Consider 2008, when 24-year-old Rays right-hander Matt Garza beat Lester twice to lead Tampa Bay to a seven-game victory over the Red Sox. While a lot of great pitchers have passed through Tropicana Field, including James Shields, David Price and Chris Archer, it was Garza who excelled in the brightest spotlight.
And fans never forget those monumental victories. This list spotlights the pitchers who have bolstered their resumes with greatness in the championship series:
If you saw an ALCS game between 1996 and 2010, you most likely witnessed the work of baseball's greatest closer. Rivera pitched in nine American League Championship Series for the Yankees, and seven times wound up as the focal point of celebration. The all-time postseason saves leader (fittingly with 42), Rivera shut the door in 13 ALCS games. There are a lot of numbers that illustrate his success, but try this one: Homers allowed in 48 2/3 innings pitched? Zero.
"Think about all the legends like Hercules, guys who are talked about forever," Torii Hunter once said of Rivera. "In baseball, when you talk about a reliever, Mariano Rivera is like a ghost, like a monster."

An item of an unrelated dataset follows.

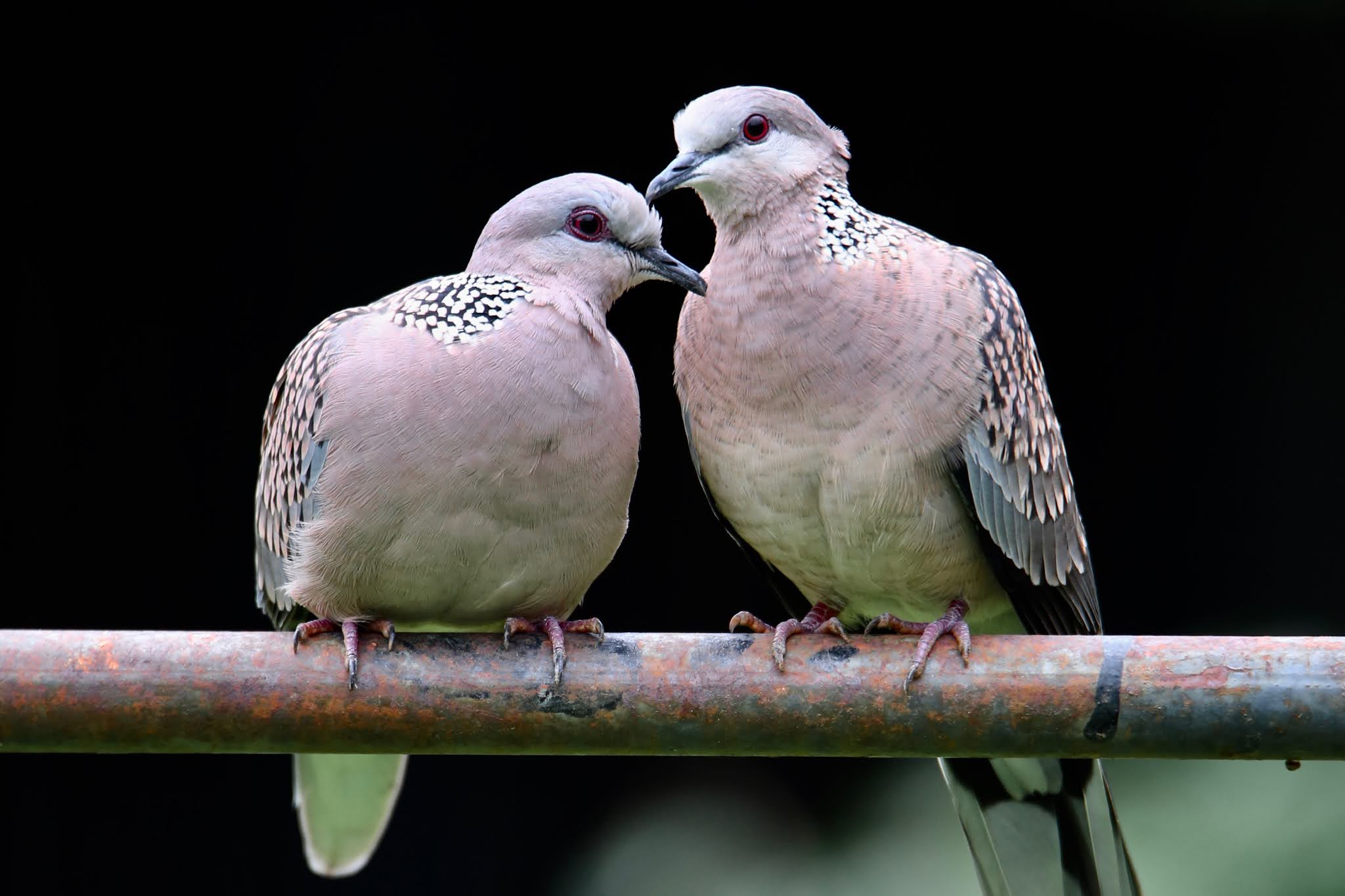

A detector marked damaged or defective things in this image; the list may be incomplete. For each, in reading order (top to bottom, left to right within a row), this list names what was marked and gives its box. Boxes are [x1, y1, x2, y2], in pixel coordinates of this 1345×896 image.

corroded pipe surface [0, 630, 1340, 756]
rusty metal pipe [0, 630, 1340, 756]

Thirty years later, fans still talk about the stare Stewart turned on hitters during a run of four consecutive 20-win seasons for the Oakland A's. He challenged opponents to beat him, and they rarely did, especially when the teams were vying for a World Series berth. Stewart went 8-0 with a 2.03 ERA over 10 ALCS starts, including a turn as MVP when the A's beat the Red Sox in 1990. He pitched with efficiency, piling up innings rather than strikeouts (39 in 75 1/3 innings), but his mark for most LCS victories still stands. Stewart beat Dave Stieb in the deciding fifth game in 1989, and four years later pitched a clincher for the Blue Jays over the White Sox.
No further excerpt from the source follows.